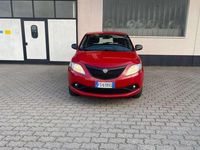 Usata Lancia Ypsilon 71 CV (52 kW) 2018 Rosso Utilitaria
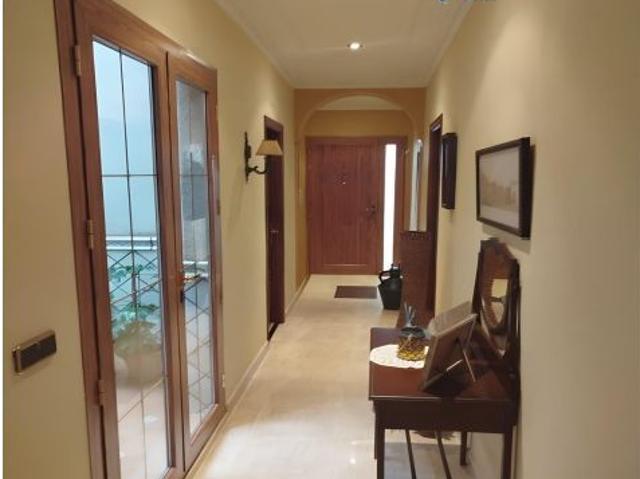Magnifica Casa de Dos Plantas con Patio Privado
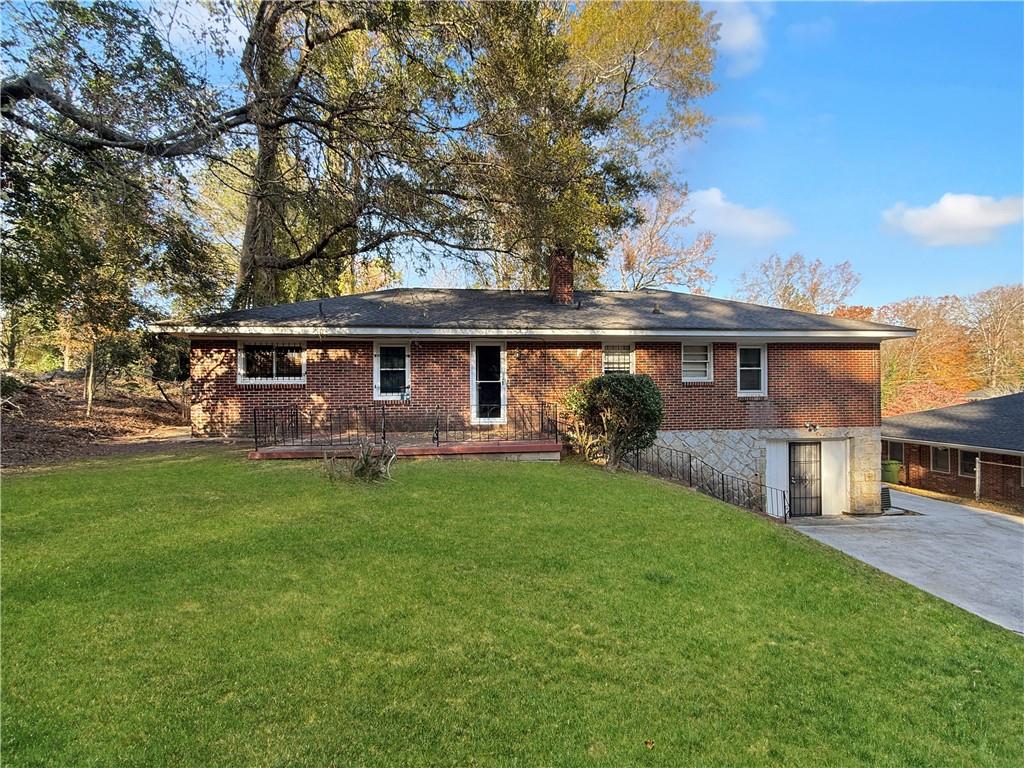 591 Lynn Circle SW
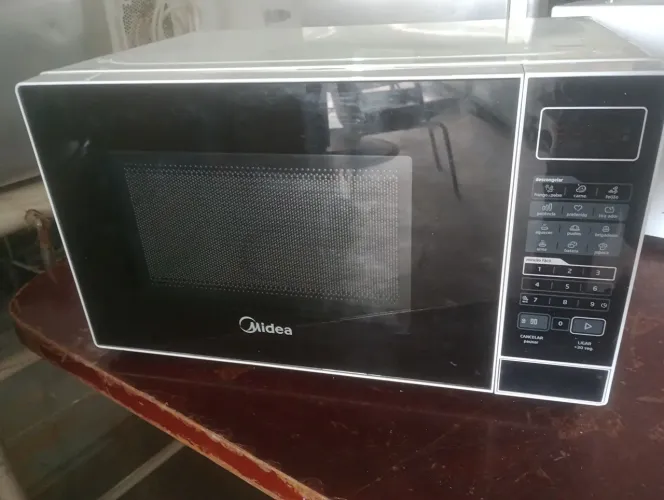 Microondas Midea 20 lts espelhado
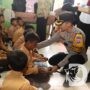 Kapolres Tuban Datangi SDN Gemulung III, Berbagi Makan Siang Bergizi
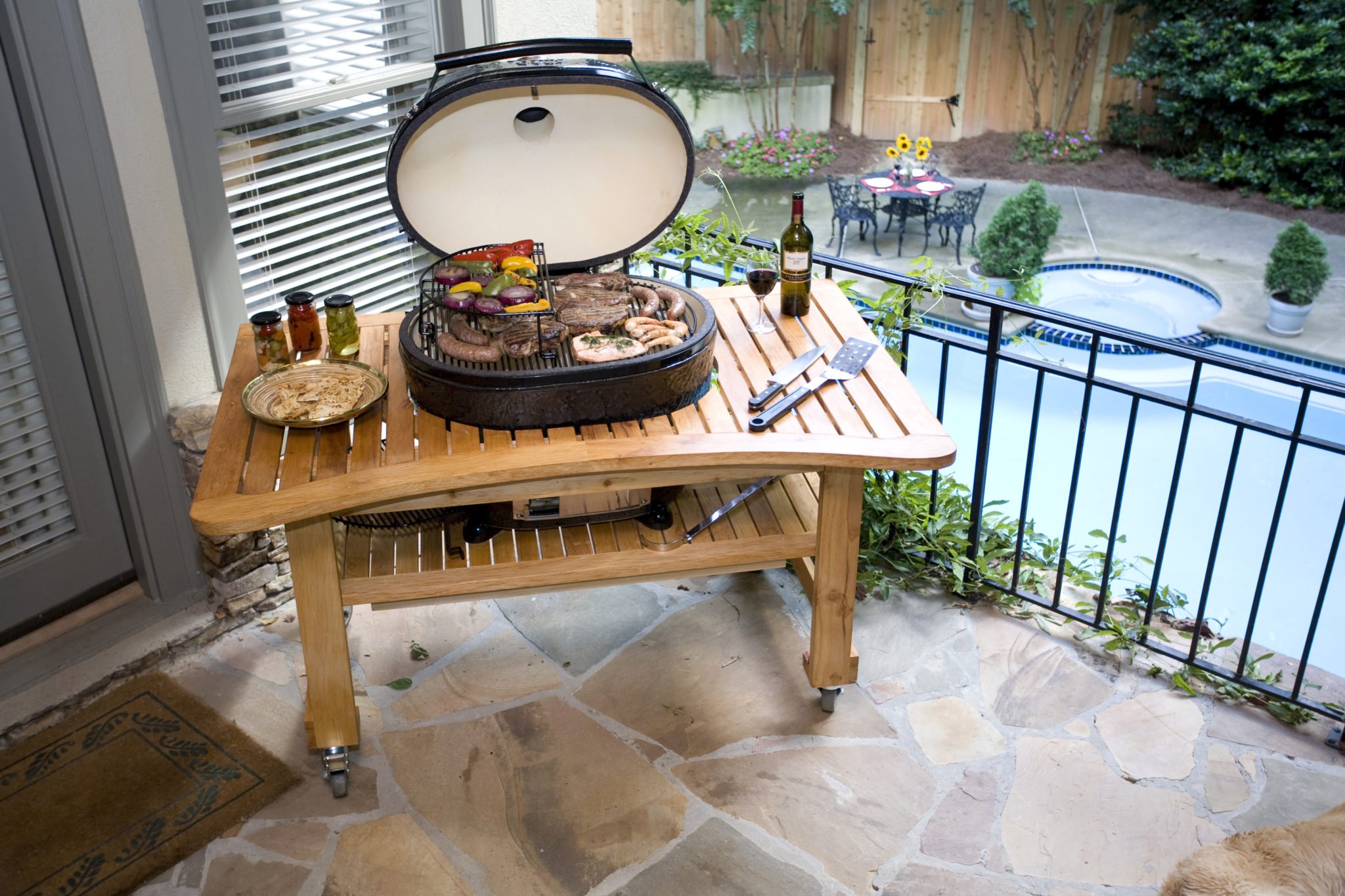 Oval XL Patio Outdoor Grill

──────

### Exercise prompt
All that is needed is an exact copy of the entries above, minus the pictures.

### Task output
 Usata Lancia Ypsilon 71 CV (52 kW) 2018 Rosso Utilitaria
Magnifica Casa de Dos Plantas con Patio Privado
 591 Lynn Circle SW
 Microondas Midea 20 lts espelhado
 Kapolres Tuban Datangi SDN Gemulung III, Berbagi Makan Siang Bergizi
 Oval XL Patio Outdoor Grill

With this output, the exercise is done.